Thanks for linking that thread and pointing out those sections with the links!
On a tangent, I’ve always found it interesting that Research Machines wasn’t in the contest, since it would have been such a natural candidate. There’s also an answer to this in that thread, quoted from one of those great The Register articles (thankfully provided by some BigEd),
Fischer realised that a machine based on the BBC’s hardware and software specifications and intended to be sold at the price the Corporation wanted could not be produced reliably within the launch timescale the broadcaster was set upon. RM chose not to pursue the BBC contract as it stood. It told the BBC it could produce the machine the Corporation wanted, but it would take twice as long to bring to market and cost twice as much.

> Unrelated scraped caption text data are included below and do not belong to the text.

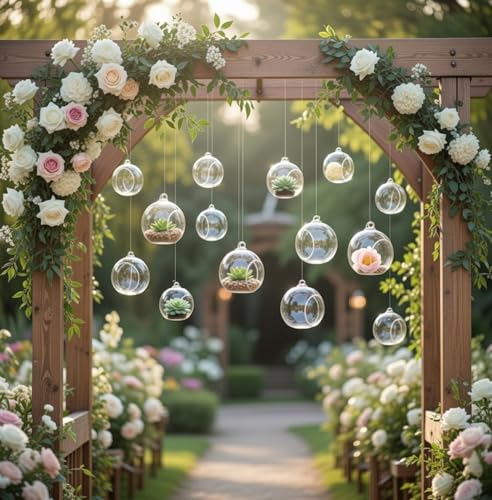 GlikCeil 24 Pcs 5.3 3.9 3.15 Hanging Glass Tealights Candle Holder Large Globes Fillable Plant Clear Terrarium Orbs Air Plants Holder with Fishing Line Wedding Centerpiece Tree Decor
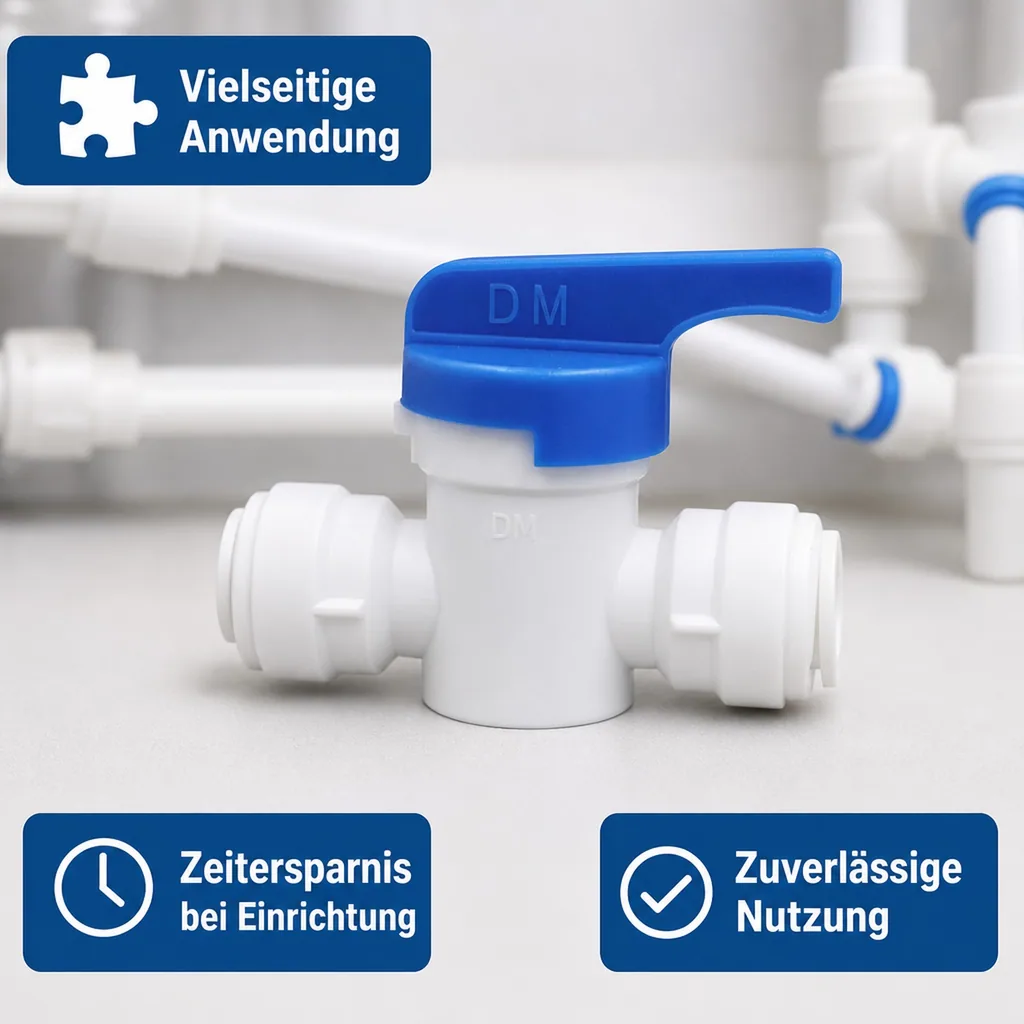 Absperrhahn, Absperrventil mit geradem Verbinder 3/8 Zoll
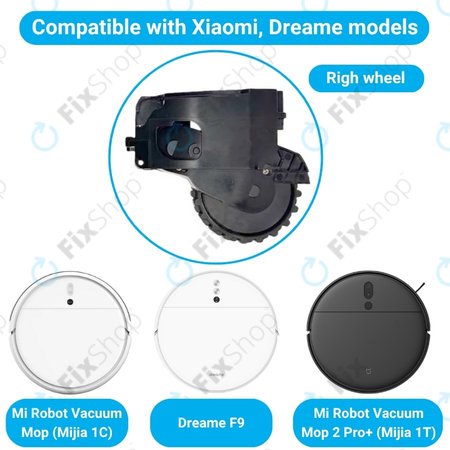 Xiaomi Dreame F9, Mi Robot Vacuum Mop (Mijia 1C), 2 Pro+ (Mijia 1T) - Kolo s Motorem (Pravé) (Černé)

Fischer was unsurprised, then, when Acorn’s BBC Micro was launched late, took far longer than planned to reach everyone who’d ordered one, and ended up costing more than forecast.
Which raises another question, namely, why was the BBC on such a short schedule? Was it, because everything seemed to be set with NewBrain already, or was it just some kind of ambitious “oversight” in the first place, which first looked like it could be remedied by simply adopting the NewBrain?
Edit: I get it that it was essential for this initiative to react quickly to social trends and technical development, but the plan was really ambitious. Rescheduling the program from Autumn 1981 to Spring 1982, when the NewBrain failed, was also really ambitious for any new computer to be developed, tested, rolled out to production, and eventually arriving in the shops.